- _Data shown_:
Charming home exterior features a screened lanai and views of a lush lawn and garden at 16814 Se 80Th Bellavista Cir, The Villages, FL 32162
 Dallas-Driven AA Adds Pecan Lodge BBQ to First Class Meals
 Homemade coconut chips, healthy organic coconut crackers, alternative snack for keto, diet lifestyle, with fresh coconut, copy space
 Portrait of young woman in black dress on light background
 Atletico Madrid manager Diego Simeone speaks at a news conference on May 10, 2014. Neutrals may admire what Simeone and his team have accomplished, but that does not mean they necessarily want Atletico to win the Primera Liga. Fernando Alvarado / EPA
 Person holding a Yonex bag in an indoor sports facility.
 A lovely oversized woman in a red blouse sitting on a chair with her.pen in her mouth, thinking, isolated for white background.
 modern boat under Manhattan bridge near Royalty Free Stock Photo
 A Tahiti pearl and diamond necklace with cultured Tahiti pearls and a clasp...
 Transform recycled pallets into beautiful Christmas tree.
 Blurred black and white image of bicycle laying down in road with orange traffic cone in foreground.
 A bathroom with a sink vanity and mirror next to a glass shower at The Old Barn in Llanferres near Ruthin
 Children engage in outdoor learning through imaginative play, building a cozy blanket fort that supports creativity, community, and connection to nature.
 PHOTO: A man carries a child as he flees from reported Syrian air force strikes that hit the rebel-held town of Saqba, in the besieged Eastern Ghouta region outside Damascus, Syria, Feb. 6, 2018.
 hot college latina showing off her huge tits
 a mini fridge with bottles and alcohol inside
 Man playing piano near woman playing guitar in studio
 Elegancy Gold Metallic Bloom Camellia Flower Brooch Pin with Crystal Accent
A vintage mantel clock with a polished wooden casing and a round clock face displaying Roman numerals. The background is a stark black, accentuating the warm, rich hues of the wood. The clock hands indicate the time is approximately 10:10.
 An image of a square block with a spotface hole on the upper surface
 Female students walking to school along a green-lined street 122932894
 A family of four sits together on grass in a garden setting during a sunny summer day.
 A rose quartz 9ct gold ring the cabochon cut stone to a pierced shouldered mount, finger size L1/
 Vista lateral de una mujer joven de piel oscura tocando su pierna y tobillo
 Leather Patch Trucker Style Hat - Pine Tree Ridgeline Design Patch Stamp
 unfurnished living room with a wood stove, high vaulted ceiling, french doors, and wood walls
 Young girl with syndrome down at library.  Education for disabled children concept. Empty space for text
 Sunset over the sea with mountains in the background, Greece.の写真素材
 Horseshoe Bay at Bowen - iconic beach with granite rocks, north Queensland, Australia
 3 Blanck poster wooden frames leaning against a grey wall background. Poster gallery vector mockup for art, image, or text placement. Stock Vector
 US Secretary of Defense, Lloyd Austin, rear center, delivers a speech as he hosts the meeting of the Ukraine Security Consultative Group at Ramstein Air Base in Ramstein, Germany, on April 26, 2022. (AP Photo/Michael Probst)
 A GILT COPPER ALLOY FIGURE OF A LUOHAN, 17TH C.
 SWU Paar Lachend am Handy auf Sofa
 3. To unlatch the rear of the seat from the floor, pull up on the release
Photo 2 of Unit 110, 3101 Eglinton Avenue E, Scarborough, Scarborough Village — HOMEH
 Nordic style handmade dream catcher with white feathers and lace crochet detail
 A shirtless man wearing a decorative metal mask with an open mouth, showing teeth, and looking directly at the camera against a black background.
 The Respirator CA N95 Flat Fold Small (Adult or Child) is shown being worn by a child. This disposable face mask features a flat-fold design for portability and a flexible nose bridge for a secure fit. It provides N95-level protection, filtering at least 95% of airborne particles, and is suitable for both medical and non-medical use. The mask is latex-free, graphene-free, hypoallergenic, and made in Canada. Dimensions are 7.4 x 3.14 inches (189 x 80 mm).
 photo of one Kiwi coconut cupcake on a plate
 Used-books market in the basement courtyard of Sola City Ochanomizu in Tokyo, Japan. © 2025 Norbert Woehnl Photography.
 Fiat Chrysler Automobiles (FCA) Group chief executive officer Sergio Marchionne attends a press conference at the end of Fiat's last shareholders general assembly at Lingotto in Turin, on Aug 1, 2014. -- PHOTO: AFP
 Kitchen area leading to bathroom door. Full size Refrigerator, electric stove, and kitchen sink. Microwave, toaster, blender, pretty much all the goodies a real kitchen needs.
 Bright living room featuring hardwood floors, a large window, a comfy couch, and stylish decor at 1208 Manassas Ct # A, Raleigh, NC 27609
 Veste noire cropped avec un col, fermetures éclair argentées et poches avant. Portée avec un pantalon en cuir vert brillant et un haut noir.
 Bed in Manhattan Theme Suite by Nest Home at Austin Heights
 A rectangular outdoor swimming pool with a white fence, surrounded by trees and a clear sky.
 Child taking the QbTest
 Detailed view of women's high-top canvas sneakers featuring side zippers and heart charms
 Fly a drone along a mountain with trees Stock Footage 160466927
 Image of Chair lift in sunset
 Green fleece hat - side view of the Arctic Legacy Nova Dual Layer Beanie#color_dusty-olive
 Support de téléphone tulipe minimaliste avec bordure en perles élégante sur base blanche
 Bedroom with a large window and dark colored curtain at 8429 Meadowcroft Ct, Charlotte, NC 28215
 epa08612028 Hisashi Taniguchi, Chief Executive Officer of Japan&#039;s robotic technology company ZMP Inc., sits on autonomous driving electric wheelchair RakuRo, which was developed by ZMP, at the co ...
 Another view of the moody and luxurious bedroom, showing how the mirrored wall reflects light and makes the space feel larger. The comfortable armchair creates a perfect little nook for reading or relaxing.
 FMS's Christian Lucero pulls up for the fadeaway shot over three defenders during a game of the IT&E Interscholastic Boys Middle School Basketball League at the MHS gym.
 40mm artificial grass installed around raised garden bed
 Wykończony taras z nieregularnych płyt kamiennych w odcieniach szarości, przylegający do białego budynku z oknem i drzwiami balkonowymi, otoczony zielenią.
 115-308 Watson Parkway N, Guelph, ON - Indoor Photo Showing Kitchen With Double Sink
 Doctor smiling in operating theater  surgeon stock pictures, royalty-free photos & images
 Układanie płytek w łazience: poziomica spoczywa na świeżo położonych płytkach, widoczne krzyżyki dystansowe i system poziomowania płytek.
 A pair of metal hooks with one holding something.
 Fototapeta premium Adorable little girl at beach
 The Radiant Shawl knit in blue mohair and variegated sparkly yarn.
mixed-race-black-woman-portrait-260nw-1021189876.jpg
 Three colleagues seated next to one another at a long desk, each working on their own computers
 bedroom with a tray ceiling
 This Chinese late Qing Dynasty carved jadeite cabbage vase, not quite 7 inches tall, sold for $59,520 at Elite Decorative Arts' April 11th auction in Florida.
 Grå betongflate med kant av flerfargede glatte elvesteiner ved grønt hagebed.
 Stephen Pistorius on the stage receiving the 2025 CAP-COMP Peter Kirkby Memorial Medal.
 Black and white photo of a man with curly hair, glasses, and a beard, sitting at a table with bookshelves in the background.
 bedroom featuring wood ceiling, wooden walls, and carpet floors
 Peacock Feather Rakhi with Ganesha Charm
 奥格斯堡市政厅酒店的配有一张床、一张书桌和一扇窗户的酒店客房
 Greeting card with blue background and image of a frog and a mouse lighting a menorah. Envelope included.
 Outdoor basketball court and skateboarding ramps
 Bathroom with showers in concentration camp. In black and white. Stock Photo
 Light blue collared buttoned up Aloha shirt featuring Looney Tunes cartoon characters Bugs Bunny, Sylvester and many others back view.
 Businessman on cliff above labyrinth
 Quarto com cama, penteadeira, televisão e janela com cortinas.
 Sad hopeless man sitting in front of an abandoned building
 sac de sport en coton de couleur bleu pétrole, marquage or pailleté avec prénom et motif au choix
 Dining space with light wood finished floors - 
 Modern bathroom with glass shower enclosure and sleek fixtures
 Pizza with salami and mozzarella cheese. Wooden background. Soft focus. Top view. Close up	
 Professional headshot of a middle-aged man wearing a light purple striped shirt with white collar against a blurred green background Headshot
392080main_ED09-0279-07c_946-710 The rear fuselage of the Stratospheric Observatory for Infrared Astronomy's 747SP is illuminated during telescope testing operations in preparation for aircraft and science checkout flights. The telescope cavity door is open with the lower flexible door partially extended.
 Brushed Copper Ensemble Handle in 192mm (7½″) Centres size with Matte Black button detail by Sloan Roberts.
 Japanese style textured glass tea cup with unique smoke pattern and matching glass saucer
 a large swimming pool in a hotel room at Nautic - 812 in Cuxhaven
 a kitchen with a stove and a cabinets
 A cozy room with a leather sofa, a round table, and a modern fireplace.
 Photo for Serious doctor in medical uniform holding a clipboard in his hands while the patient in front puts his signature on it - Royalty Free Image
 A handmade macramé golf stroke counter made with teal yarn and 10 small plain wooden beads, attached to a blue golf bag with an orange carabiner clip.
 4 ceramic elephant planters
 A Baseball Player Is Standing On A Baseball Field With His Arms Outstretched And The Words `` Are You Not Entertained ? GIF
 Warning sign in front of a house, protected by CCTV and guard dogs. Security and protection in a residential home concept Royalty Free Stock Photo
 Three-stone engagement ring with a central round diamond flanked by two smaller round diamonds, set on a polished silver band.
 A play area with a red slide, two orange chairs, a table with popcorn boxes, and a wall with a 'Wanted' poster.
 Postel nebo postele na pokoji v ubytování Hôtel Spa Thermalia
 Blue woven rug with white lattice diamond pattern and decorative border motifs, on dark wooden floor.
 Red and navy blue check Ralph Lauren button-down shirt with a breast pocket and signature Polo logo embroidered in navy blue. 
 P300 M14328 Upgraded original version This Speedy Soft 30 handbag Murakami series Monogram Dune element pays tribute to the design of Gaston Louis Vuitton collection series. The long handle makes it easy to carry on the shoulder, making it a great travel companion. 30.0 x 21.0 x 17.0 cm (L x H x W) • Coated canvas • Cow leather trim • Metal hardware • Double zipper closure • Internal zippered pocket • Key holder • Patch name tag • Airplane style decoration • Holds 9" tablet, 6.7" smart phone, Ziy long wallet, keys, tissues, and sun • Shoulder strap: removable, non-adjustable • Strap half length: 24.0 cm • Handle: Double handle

- _Assignment_:
Retype the records above, but only those lines that fall between the line containing "A play area" and the line containing "Blue woven rug", with both of those lines included, exactly as written.

- _Answer box_:
 A play area with a red slide, two orange chairs, a table with popcorn boxes, and a wall with a 'Wanted' poster.
 Postel nebo postele na pokoji v ubytování Hôtel Spa Thermalia
 Blue woven rug with white lattice diamond pattern and decorative border motifs, on dark wooden floor.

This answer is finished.